Renting construction equipment isn’t a particularly exciting business, but it is lucrative. Most small builders can’t afford to buy much of the equipment they use on a day-to-day basis. It’s also inefficient for businesses, many of which are sole traders, to buy a piece of equipment they’re only going to use once or twice.

This is where Ashtead can help. Thanks to its size, the company has no problem buying pieces of kit in whatever quantities. It can usually negotiate a discount with suppliers because it’s such a large customer. What’s more, whereas a sole trader might use a piece of kit just once, Ashtead can rent its equipment out to a different customer every day.

This business model is highly profitable. The company’s return on equity — a measure of profitability on shareholder funds — has averaged 30% for the past six years. This puts Ashtead in the top 10% of the most profitable public businesses traded on the London Stock Exchange.

This ratio suggests that for every £100 the company invests in new equipment, it can make a 30% return over a year. That gives a payback period of just two and a half years.

These are just back-of-the-envelope calculations, but they clearly show just how profitable the equipment rental industry is, and why Ashtead has been such a lucrative investment over the past decade.

Reinvesting profits

If the firm continues to reinvest its earnings as it has done in the past, the sky could be the limit for earnings here. Even though the company has a market capitalisation of nearly £12bn, and reported total sales of £4.5bn last year, it’s still tiny in comparison to the size of the global construction equipment market.

Estimates suggest the market could be worth as much as £215bn by 2025. So, even if Ashtead manages to quadruple its revenues from current levels, it will still make up less than 10% of the global market.

As such, it looks as if this company will continue to generate market-beating returns for investors. Right now, the stock seems undervalued compared to the group’s long term potential. It’s dealing at a price-to-earnings (P/E) ratio of just 13.2. A dividend yield of 1.7% is on offer as well.

Considering Ashtead’s historical growth rate, and the potential size of the global construction equipment market, it seems highly likely to me that the company can repeat its successes of the past 10 years over the next decade. 

Should you invest, the value of your investment may rise or fall and your capital is at risk. Before investing, your individual circumstances should be assessed. Consider taking independent financial advice.

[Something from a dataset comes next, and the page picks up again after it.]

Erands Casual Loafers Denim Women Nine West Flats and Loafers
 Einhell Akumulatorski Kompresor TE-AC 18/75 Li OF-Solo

Rupert Hargreaves owns no share mentioned. The Motley Fool UK has no position in any of the shares mentioned. Views expressed on the companies mentioned in this article are those of the writer and therefore may differ from the official recommendations we make in our subscription services such as Share Advisor, Hidden Winners and Pro. Here at The Motley Fool we believe that considering a diverse range of insights makes us better investors.

More on Investing Articles

Google office headquarters
Investing Articles

Has Alphabet stock become a great passive income choice?

After Amazon announced its first-ever dividend, Muhammad Cheema takes a look at whether the stock can generate a good passive…

Read more »

Bearded man writing on notepad in front of computer
Investing Articles

Best British growth stocks to consider buying in May

We asked our freelance writers to reveal the top growth stocks they’d buy in May, which included a Share Advisor…

Read more »

Investing Articles

3 legendary FTSE 100 dividend stocks I’d buy for passive income today

With at least 30 years of continuous dividend payouts, these FTSE 100 stocks look like good choices for passive income,…

Read more »

Two white male workmen working on site at an oil rig
Investing Articles

With three new value-boosting strategies in place, BP’s share price looks a bargain to me

A major valuation gap between BP’s share price and its key rivals could close due to three new strategies being…

Read more »

Investing Articles

At 415p, has the Rolls-Royce share price become a bit of a joke?

I think investing should be taken seriously. But has the recent surge in the Rolls-Royce share price turned the engineering…

Read more »

Warren Buffett at a Berkshire Hathaway AGM
Investing Articles

How Warren Buffett got rich (and how to aim for something similar)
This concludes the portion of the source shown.